えーっと選手が、ぜんぜんわからんの~。両軍選手がオールドスタイル・ユニで選手名表示がないので、余計にわからん。巨人の左打者で24?大森?阪神の黒人選手で31?カークランド?ちうくらいの朦朧知識。ナマで甲子園で巨人の選手を見るのって、呂明賜がいたとき以来やもん(そんときもご招待)。バックネット裏で「ろ!」て叫んだら、ネクストバッターサークルにいた呂が黙ってうなづいてくれたもん。て、いつの話や!

で、そのオールドスタイル・ユニの色が!ホームの阪神が墓石みたいなグレー、ビジターの巨人が白ちうのが、混乱に拍車をかける。正直、私はたびたびチームを間違えて試合を追っていた。招待いただいた阪神ファンの友人が説明してくれなければ、近本(#5)を見て「ナカジ、体小さなったなあ」とずっと思っていただろう。まあ、さすがに糸井はすぐわかったが。
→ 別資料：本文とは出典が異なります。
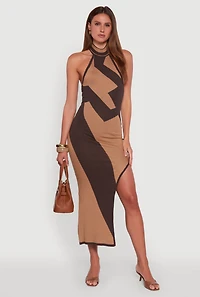 Abstract Printed Side Slit Halter Midi Dress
試合は、どちらのチームも打てそうな感じが全くせず、そこはなんだか馴染み深くて親しみを持った(この日だけのことだったのかもしれないが)。阪神の青柳は素晴らしいサイドスローで「好きだな」と思った。でも、私でも知ってる選手(丸、中島、糸井など)はある程度の存在感はあるが、それ以外の生え抜きのキャラが思いのほか薄く、どこの球団も同じような問題抱えとるんかなあ、と感じた。昨年の交流戦で光ってた佐藤輝も、ちょっとオラオラ感が薄れてた。

私が選手より感銘を受けたのは、実は球場の照明。すごくクッキリと明るくなっている。しかも電球の数が随分減っているような気がする。友人によると今年からLEDに変わっているとか。たぶんこれはあの幻の(じゃない?)東京五輪の国立代々木競技場の照明を手がけたP社の仕事だな。度肝を抜かれたのが、イニング間の演出で照明が「?」マークや「→」マークになったりすること!こんな照明塔見たことないよー。でも… 昭和の薄ぼんやりした電球照明も嫌いではなかったって、これは懐古趣味だな。

あと、巨人の若手?がチャンスのとき「高校野球」のようにベンチ最前列に整列して声援を送るというシーンを目撃し、衝撃を受けた。あれは… やらされてるんですか?自主的ですか?ちょっと見ない間に巨人は全然意味のわからんチームになっている。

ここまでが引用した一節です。